Autre référence, beaucoup plus tardive ou l'histoire d'une rencontre en deux temps :

D'abord celle avec le discours prononcé à l'Unesco le 2 juin 1980 par Jean-Paul II dont un court extrait dira ici toute la teneur :

La culture est ce par quoi l'homme, en tant qu'homme, devient davantage homme, “ est ” davantage, accède davantage à l'être.

Ensuite celle avec son auteur, à l'occasion d'une audience privée accordée par le Souverain Pontife à quatre des fondateurs de l'Œuvre de Cluny dont Sophie-Iris Aguettant, Marie-Aimée du Halgouët, Thierry Roussel et Olivier Fenoy le 29 janvier 1981 au Vatican.
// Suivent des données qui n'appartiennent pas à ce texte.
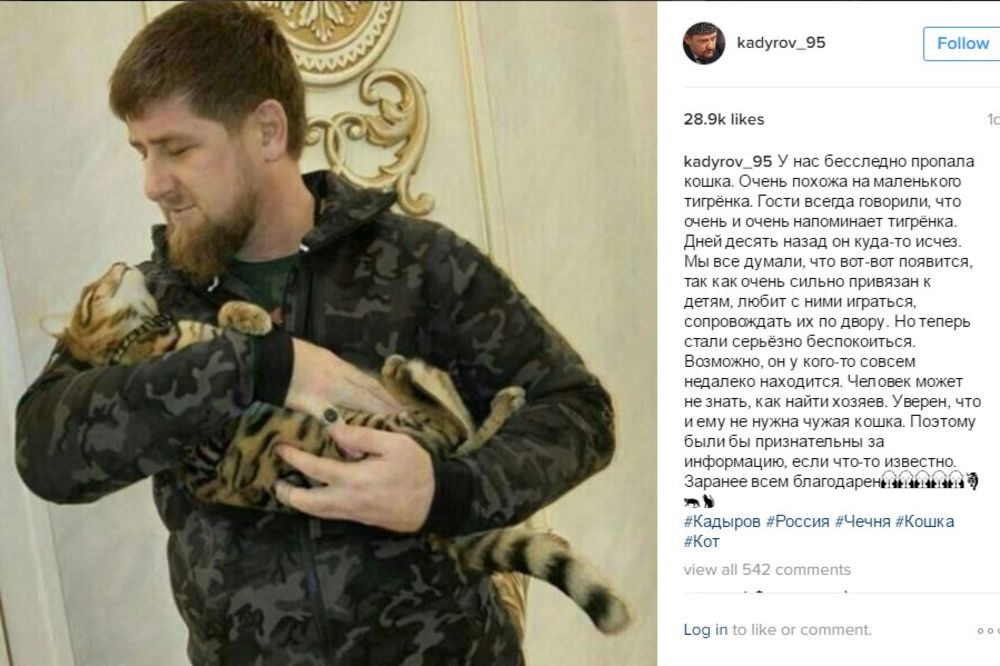 ČEČENSKI LIDER OČAJAN: Nestao mu mačak, na Instagramu traži ljude da mu pomognu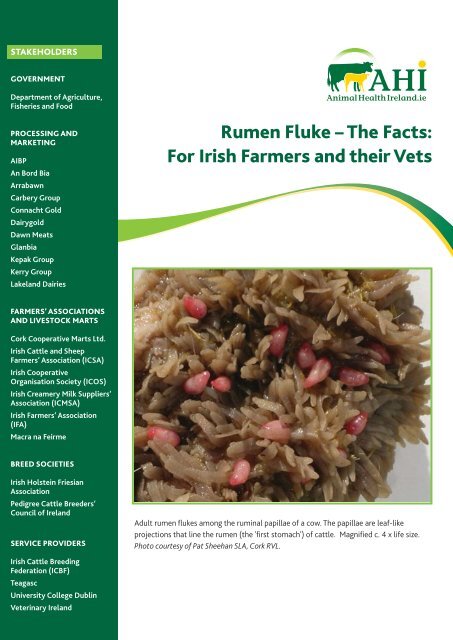 Rumen Fluke - Animal Health Ireland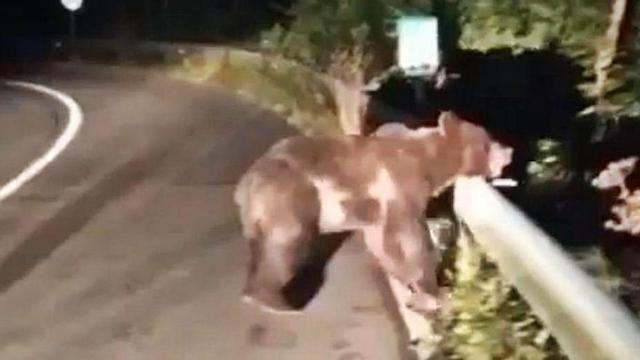 El oso "Santiaguín" se levanta tras sufrir el atropello.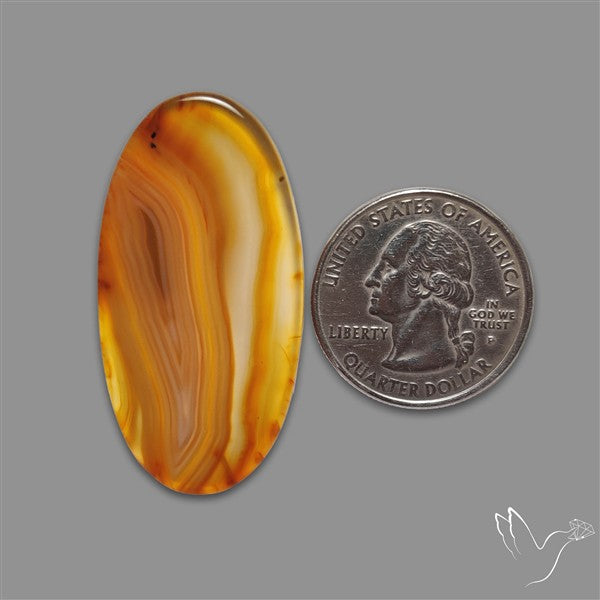 Gemmy Montana Agate Flat Slice Cabochon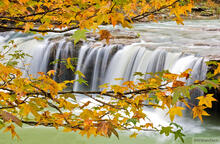 Falling Water Falls II
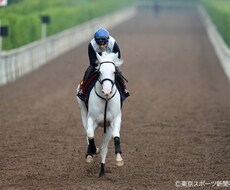競馬を予想しています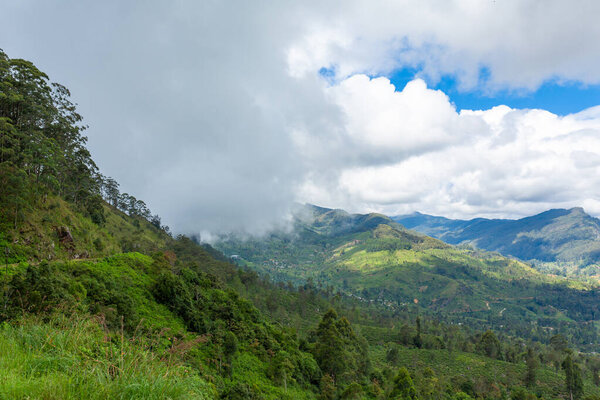 Picturesque natural landscape. Green tea plantations in the highlands. Growing tea.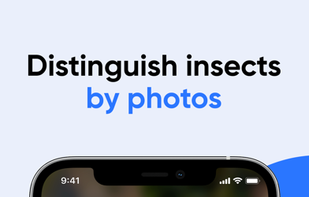 Bug Identifier screenshot 2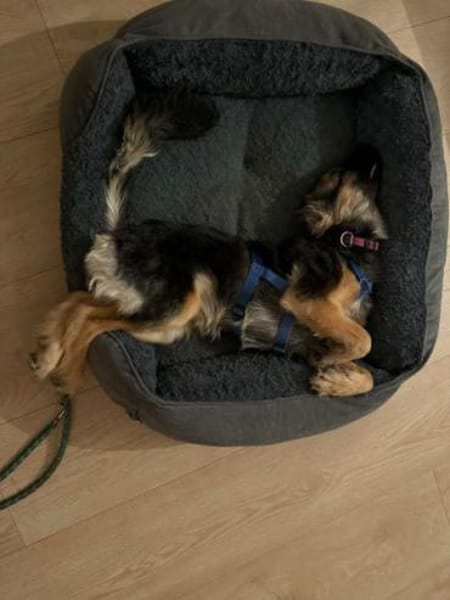 CAROL -Anhänglicher, kleiner Wirbelwind-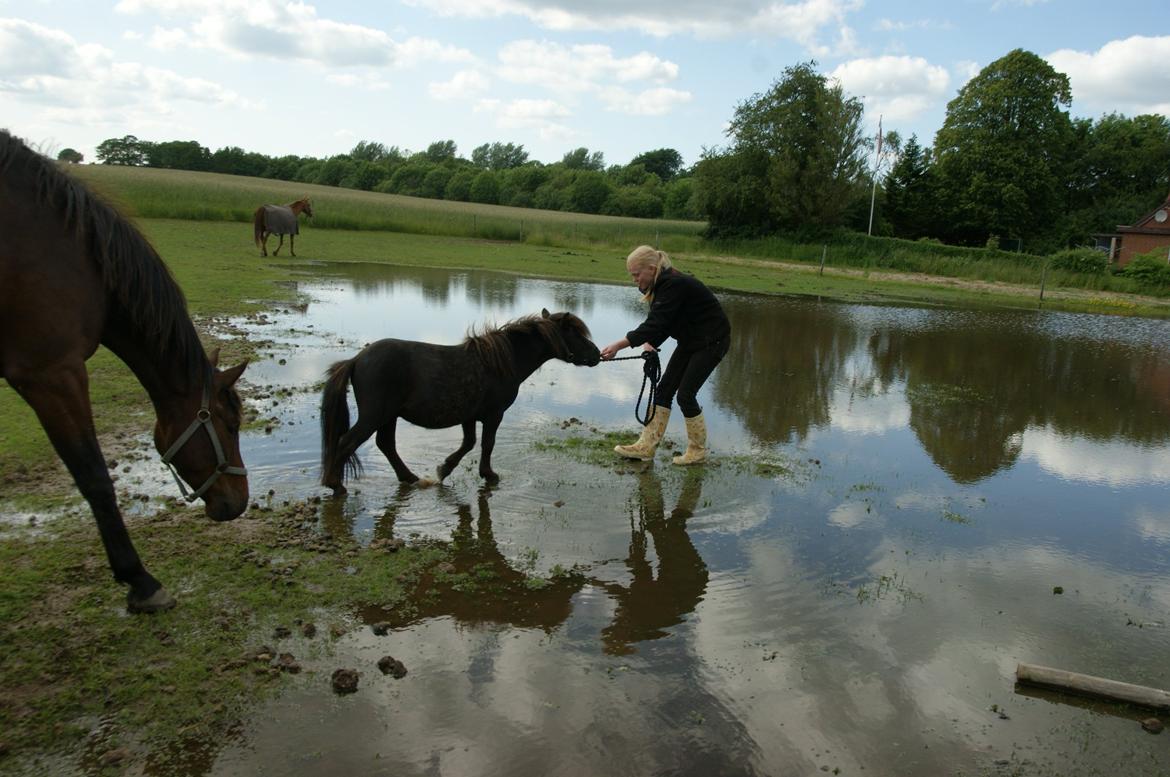 Anden særlig race Trøffel billede 7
Fait crucial, comme le Saint Père s'inquiétait de connaître les fondements de l'œuvre entreprise par ces hommes et ces femmes mus par leur foi chrétienne dans leur engagement aussi bien artistique que sociétaire et que lui étaient redonnés les textes fondateurs de Pie XII, de Pierre Emmanuel mais aussi l'extrait de son propre discours à l'UNESCO, Jean-Paul II devait exhorter ses visiteurs non seulement à donner aux femmes pleine co-responsabilité dans les arcanes d'une telle fondation, leur génie propre étant indispensable à la création et à l'animation culturelle, mais également, il devait évoquer la question du travail humain alors qu'il se préparait à publier l'encyclique Laborem Exercens à savoir que la finalité du travail (et par là de toute création) n'était pas d'abord “ l'œuvre ” mais “ l'homme ”.

Cette rencontre avec un personnage clef de la dernière partie du XXème siècle et avec un enseignement aussi traditionnel que prophétique devait confirmer pour les “ Clunisiens ” le concept de Culture qu'ils n'avaient jusque là cessé d'appréhender et ce, de façon magistrale : magistrale au sens “ d'expression du Magistère ” en tant que catholiques sans aucun doute, mais plus encore au sens de “ point d'orgue ” appelant chacun en son particulier à devenir chaque jour “ davantage homme ”, autrement dit à une continuelle remise en question de leur don au coeur de la pâte humaine en tant que laïcs artisans en humanité.